Lehrveranstaltungen: HT 2020, WT 2021, FT 2021.


HT 2020

Lehrveranstaltungen Prof. Dr. Sanders, Dr. Behrens, Beiler | Herbsttrimester 2020

HT 2020: Kritische Theorie der Gesellschaft, Bildungsphilosophie und pädagogische Praxis
Dr.
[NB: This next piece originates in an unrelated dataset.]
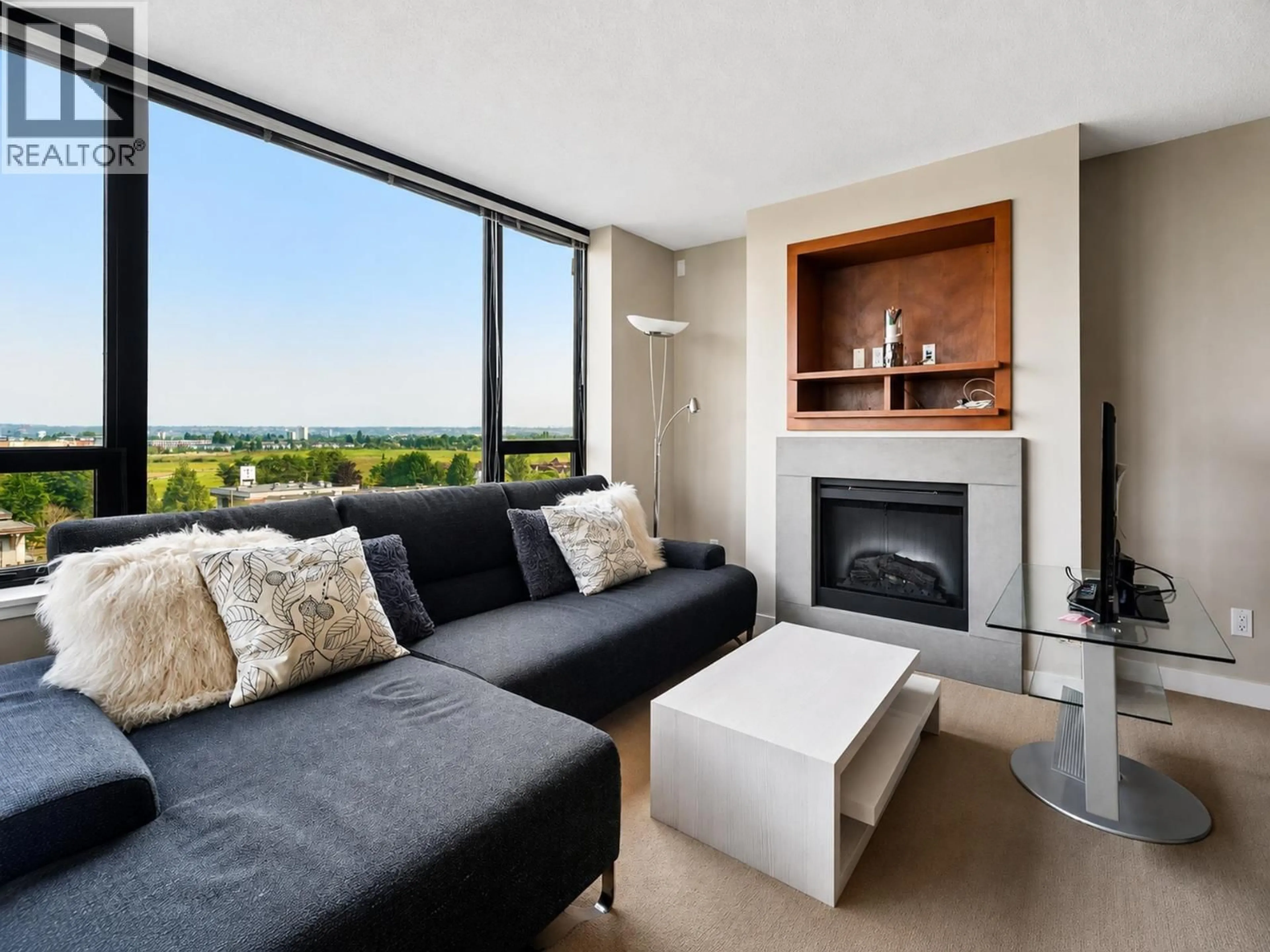 Living room with furniture, unknown for 1106 - 6233 KATSURA STREET, Richmond British Columbia V6Y4K1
Roger Behrens
(BE 01001 | Einführung in die Grundlagen der Erziehungswissenschaft:
Kritische Theorie der Gesellschaft, Bildungsphilosophie und pädagogische Praxis)

Die kritische Theorie gilt als interdisziplinäre Sozialforschung, die die unterschiedlichsten »sozialen Verhältnisse« (Marx) in Hinblick auf die »konkrete Totalität« (Marx, Lukács) zu begreifen versucht; entscheidend für die kritische Theorie ist dabei die Einsicht, dass die Sozialforschung selbst bereits ein Element dieser sozialen Verhältnisse konkreter Totalität ist – und also um kritisch zu sein notwendiger Weise programmatisch an die Reflexion über die eigene Stellung im Forschungsprozess und -zusammenhang gebunden ist: Wissenschaft wird damit zum Programm der Praxis radikaler Aufklärung (H. Schweppenhäuser); um dies zu gewährleisten, wird unabhängig von politischen Parteien und unmittelbarer akademischer Einbindung Mitte der 1920er Jahre das Institut für Sozialforschung gegründet.
Bemerkenswert ist, dass die Forschungen in Bezug auf pädagogische Themen ambivalent bleiben: Zwar geht es in den Großstudien über ›Autorität und Familie‹ (1936) und zur ›Authoritarian Personality‹ (1950) auch um Erziehung und Bildung, aber nicht explizit; pädagogische Einrichtungen und Bildungsinstitutionen (Kindergärten, Schulen, Hochschulen, Berufsschulen, Universitäten etc.) waren nie dezidierter Forschungsgegenstand, gleichwohl zweifellos in den »Hauptwerken« der kritischen Theorie (neben Horkheimers und Adornos ›Dialektik der Aufklärung‹ seien erwähnt: Adornos ›Minima Moralia‹ und ›Negative Dialektik‹, Marcuses ›Triebstruktur und Gesellschaft‹ sowie ›Der eindimensionale Mensch‹ …) im weitesten Sinne pädagogische Fragen durchaus virulent sind.
Überdies schließen die Strömungen der kritischen Erziehungswissenschaft an die kritische Theorie an: neben Heydorn, Mollenhauer, Gamm ist hier vor allem auf Negt zu verweisen.
In diesem Seminar geht es
a) um eine Einführung in die kritische Theorie (und ihre theoriegeschichtliche Entwicklung),
b) um eine Rekonstruktion einer kritischen Theorie der Pädagogik,
c) um eine Einführung in die kritische(n) Erziehungswissenschaft(en),
d) um die Kritik der (aktuellen) Bildungsphilosophie und pädagogischen Praxis.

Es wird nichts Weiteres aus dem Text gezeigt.